危険性の認識を市民の間に広めるための新しい名称を警察庁などが公募した結果、「危険ドラッグ」と決まった。浸透するかどうかは別問題としても、乱用防止のキャンペーンなどで使用されて、今後の規制や取り締まりはいっそう強化されていくとみられる。
実際、脱法ハーブの販売を広く規制することができれば、一定の抑止力となることは間違いない。だが、脱法ハーブをとりまく現状を取材していくと、規制の進行に連動して起きる意外な現実が浮き彫りになってきた。
●摘発を逃れる意外な手口
これまで違法ではないとして扱われていた脱法ハーブが、規制薬物に指定されることで違法となる。そうなると、すでに販売済みの製品については、所持しているユーザー自身によって廃棄することが求められる。厚生労働省は、個人で焼却すると煙に薬物の成分が含まれてしまうなどの問題が起きるため、所持者が生ゴミなどと一緒にして燃えるゴミとして出すように呼びかけている。

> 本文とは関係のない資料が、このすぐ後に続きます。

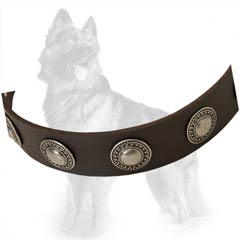 Leather German-Shepherd Dog Collar Equipped With Nickel  Covered Hardware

このように個人に処分が委ねられる違法薬物というのも珍しいだろう。裏を返せば、所有している個人を捜査機関が把握して摘発するのは難しいということを示している。また、捜査機関が摘発対象としたいのは個人ではなく、販売店のほうである。ヘッドショップと呼ばれる路面店やインターネットショップは、個人の所有量とは桁違いの在庫を抱えているため、規制されたからといって簡単にすべて処分できるものではない。違法となったハーブの在庫はどこにいくのか。東京・新宿にあるヘッドショップの常連であるAさん(仮名)が、思わぬ保管先について教えてくれた。
「在庫処分は、どこのお店でも悩みどころだろうと思います。私の家にも箱に詰められた大量のハーブが送りつけられてきました。どういうことか送り主に問いただしたら『違法薬物に指定されたので預かっていてほしい』とのことでした」
Aさんによれば、預かる報酬として「多少なら使ってもいい」と言われており、また、店舗の在庫規模を考えれば「自分だけが預かっているわけではないだろう」という。
違法となったハーブを他人に預けて一時しのぎする業者は、今後も増える可能性が高い。なぜならば「取り締まりが厳しくなっても、見せしめとして何軒か潰れれば、しばらくして他の店はまた元に戻る」「世間の注目が集まる期間だけ逃げ切ればいい」と多くの業者は考えており、分散保管してほとぼりが冷めるまで息を潜めているのだ。
商売人としては、元手を掛けて仕入れた商品をそう簡単にゴミにはできないと考えるだろうが、やり方は犯罪そのものである。とはいえ、Aさんのような一般客に預ければ、店側は警察に通報されるリスクなどもあるだろう。
そこについては、預け先として選ぶ際の基準があるという。それは、もともと違法品である覚せい剤や大麻といったハードドラッグの経験者であることだ。そうした人たちは脱法ハーブを所持することに戸惑いはなく、警察に駆け込む可能性も低い。